ESSLIN TERRIGHENA shares what research has taught us on self-harm.
What is self-harm?
Non-suicidal self-injury, more colloquially referred to as self-harm, can be defined as intentional direct damage, destruction, or alteration of own body tissue without suicidal intent. Such self-harm can occur in various contexts, including cultural rituals (e.g. transition to manhood), body modifications (e.g. piercings), political expression (e.g. self-immolation), or stereotypical injury associated with cognitive disabilities.
In talk therapy, self-harm is most associated with emotional distress. Methods can include cutting, scratching, and burning of skin, punching, or hitting self, deliberate starvation or dehydration, excessive exercise, breaking bones, engaging in risk-seeking behaviours, or provoking fights.
Who engages in self-harm?
Research indicates that around 1 out of 6 teenagers and college students report that they have engaged in at least one incident of self-harm. These numbers are much lower in children under the age of 10 years (1.3%), and adults over 25 years (5%).

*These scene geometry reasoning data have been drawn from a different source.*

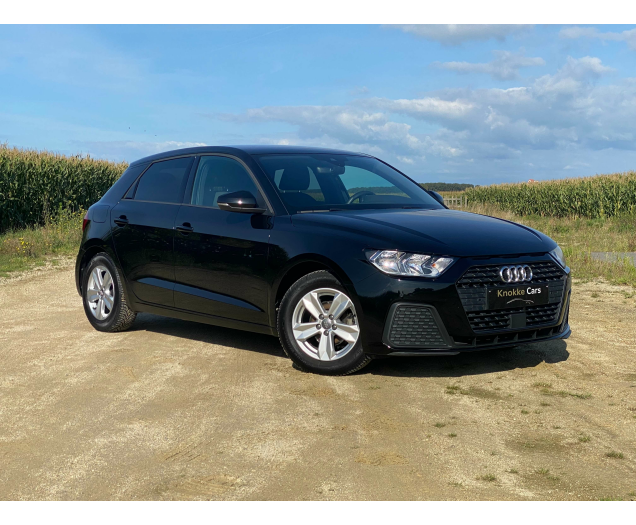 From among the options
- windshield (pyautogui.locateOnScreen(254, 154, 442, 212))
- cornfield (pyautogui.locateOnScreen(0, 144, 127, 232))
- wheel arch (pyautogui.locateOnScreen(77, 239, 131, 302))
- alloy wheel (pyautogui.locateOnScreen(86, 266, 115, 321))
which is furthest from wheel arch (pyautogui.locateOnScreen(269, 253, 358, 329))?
cornfield (pyautogui.locateOnScreen(0, 144, 127, 232))

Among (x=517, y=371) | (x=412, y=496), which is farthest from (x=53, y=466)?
(x=517, y=371)

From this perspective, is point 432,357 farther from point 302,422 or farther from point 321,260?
point 302,422

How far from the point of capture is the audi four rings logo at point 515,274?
5.78 meters

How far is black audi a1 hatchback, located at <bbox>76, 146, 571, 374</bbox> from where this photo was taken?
224 inches

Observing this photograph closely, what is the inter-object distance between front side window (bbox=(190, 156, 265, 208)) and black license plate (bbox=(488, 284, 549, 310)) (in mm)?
2275

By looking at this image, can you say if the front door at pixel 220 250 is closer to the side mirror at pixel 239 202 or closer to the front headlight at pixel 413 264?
the side mirror at pixel 239 202

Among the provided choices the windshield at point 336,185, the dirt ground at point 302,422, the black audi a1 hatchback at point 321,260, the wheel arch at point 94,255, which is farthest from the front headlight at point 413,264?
the wheel arch at point 94,255

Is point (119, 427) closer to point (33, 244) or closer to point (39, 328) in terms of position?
point (39, 328)

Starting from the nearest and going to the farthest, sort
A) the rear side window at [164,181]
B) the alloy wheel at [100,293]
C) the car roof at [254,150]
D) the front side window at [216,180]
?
the front side window at [216,180] < the car roof at [254,150] < the rear side window at [164,181] < the alloy wheel at [100,293]

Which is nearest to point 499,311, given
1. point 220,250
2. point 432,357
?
point 432,357

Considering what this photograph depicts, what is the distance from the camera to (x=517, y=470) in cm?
399

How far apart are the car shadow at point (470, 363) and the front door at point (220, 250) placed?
110 centimetres

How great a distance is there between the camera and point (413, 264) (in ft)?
18.6

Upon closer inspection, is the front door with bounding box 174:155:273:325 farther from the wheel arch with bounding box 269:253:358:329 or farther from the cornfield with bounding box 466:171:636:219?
the cornfield with bounding box 466:171:636:219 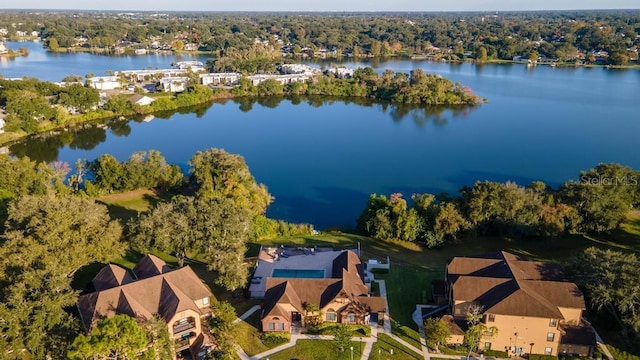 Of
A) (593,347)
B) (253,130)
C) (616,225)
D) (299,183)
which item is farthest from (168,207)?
(253,130)

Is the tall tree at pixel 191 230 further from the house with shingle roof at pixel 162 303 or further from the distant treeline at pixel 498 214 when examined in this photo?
the distant treeline at pixel 498 214

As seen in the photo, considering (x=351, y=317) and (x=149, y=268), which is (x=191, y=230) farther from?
(x=351, y=317)

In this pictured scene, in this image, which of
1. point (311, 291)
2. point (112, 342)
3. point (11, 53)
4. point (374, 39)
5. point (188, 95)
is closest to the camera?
point (112, 342)

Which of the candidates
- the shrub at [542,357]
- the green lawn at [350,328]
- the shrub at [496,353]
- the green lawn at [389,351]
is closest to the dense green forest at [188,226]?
the shrub at [542,357]

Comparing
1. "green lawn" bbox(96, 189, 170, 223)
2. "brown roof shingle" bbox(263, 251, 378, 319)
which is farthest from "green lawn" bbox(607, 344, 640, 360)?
"green lawn" bbox(96, 189, 170, 223)

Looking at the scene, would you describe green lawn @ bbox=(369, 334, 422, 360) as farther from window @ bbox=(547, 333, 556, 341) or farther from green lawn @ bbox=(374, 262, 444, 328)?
window @ bbox=(547, 333, 556, 341)

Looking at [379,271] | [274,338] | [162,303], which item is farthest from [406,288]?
[162,303]

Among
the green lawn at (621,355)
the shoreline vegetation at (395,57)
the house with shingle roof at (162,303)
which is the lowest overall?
the green lawn at (621,355)
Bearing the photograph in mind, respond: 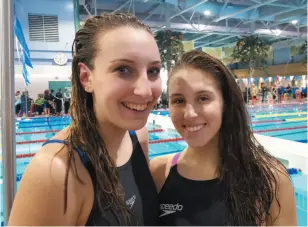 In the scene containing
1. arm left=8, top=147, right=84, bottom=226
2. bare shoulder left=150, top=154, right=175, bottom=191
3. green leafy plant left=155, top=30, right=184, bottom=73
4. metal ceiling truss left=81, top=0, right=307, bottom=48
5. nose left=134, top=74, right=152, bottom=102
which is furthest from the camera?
metal ceiling truss left=81, top=0, right=307, bottom=48

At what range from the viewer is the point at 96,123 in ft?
3.24

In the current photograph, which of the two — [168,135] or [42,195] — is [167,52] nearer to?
[168,135]

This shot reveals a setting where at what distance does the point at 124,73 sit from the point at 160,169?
0.56 metres

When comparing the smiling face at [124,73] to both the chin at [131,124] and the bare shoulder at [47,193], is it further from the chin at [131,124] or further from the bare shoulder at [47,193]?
the bare shoulder at [47,193]

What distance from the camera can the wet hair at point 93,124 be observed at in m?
0.89

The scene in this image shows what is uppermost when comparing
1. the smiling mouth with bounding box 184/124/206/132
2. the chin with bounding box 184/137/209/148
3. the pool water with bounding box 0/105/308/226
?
the smiling mouth with bounding box 184/124/206/132

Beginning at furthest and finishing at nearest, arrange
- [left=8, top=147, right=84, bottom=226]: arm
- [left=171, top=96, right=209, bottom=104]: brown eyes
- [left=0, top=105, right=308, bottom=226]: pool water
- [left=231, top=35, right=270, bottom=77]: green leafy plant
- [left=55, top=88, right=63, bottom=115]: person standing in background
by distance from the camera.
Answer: [left=231, top=35, right=270, bottom=77]: green leafy plant → [left=55, top=88, right=63, bottom=115]: person standing in background → [left=0, top=105, right=308, bottom=226]: pool water → [left=171, top=96, right=209, bottom=104]: brown eyes → [left=8, top=147, right=84, bottom=226]: arm

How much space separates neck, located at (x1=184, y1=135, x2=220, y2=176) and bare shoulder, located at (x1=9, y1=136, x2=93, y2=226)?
21.2 inches

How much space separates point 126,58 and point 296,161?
402 cm

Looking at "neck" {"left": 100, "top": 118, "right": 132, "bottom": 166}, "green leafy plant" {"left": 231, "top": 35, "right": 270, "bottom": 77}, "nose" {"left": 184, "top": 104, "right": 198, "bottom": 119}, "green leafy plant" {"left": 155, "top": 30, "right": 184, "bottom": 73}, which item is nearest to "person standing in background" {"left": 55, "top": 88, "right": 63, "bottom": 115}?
"green leafy plant" {"left": 155, "top": 30, "right": 184, "bottom": 73}

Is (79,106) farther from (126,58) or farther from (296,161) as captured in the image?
(296,161)

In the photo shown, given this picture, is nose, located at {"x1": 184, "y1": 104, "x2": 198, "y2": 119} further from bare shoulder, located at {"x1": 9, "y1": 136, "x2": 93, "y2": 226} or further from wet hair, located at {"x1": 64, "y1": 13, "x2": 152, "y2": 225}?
bare shoulder, located at {"x1": 9, "y1": 136, "x2": 93, "y2": 226}

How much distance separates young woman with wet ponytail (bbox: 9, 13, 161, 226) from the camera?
2.52 ft

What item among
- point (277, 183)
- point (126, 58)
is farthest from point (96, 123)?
point (277, 183) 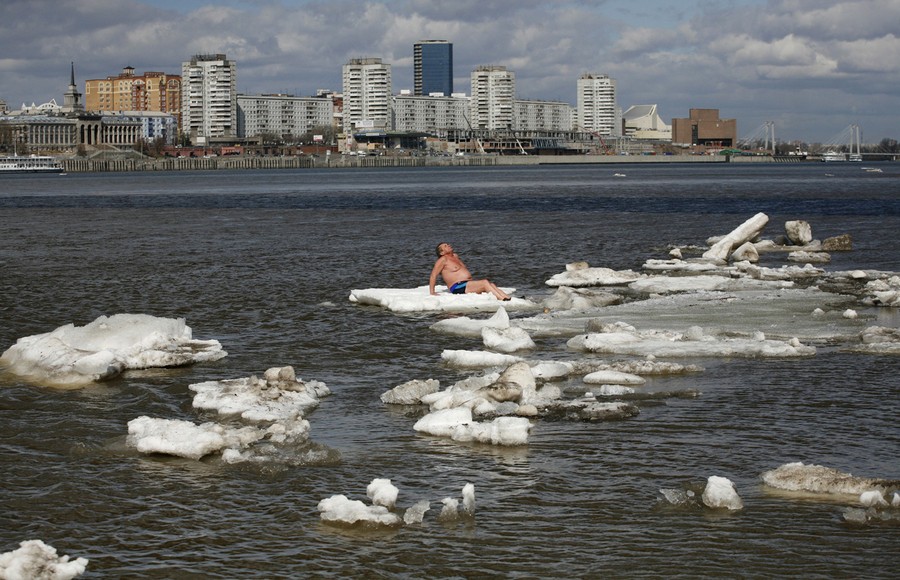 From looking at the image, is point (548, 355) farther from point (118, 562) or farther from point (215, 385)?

Notably, while self-harm is frequently associated with girls and women, at least 35% of individuals engaging in self-harm are boys and men. However, there is a gender difference in methods used: while girls tend to cut or scratch, boys may rather partake in activities that create high risk for injury (e.g. dares, fights) or bruising.
The overall numbers suggest that self-harm occurs most frequently in adolescence and young adulthood, which coincides with a time of high emotional reactivity and often lack of healthy coping strategies.
Why do people self-harm?
Studies have identified avoidance of unwanted emotional experiences as the primary reason for self-harm. However, there is less agreement on how exactly this is achieved.
At first glance, hurting ourselves seems counter-intuitive to evolution, which is geared toward survival and should prevent us from engaging in anything that threatens this. Nonetheless, all of us can over-ride our instinctive withdrawal from pain if we think tolerating it has benefits. For example, we tolerate the pain of physiotherapy when we expect a positive outcome. Similarly, most of us have unhelpful coping mechanism we fall back on from time to time. For example, drinking a few glasses of wine to ease stress.
When individuals engage in self-harm, both mechanisms may contribute. Specifically, there may be an initial over-ride of withdrawal from pain which is reinforced by immediate emotional relief. Once the brain has made the association that self-harm leads to the desired outcome, the pattern becomes harder to break.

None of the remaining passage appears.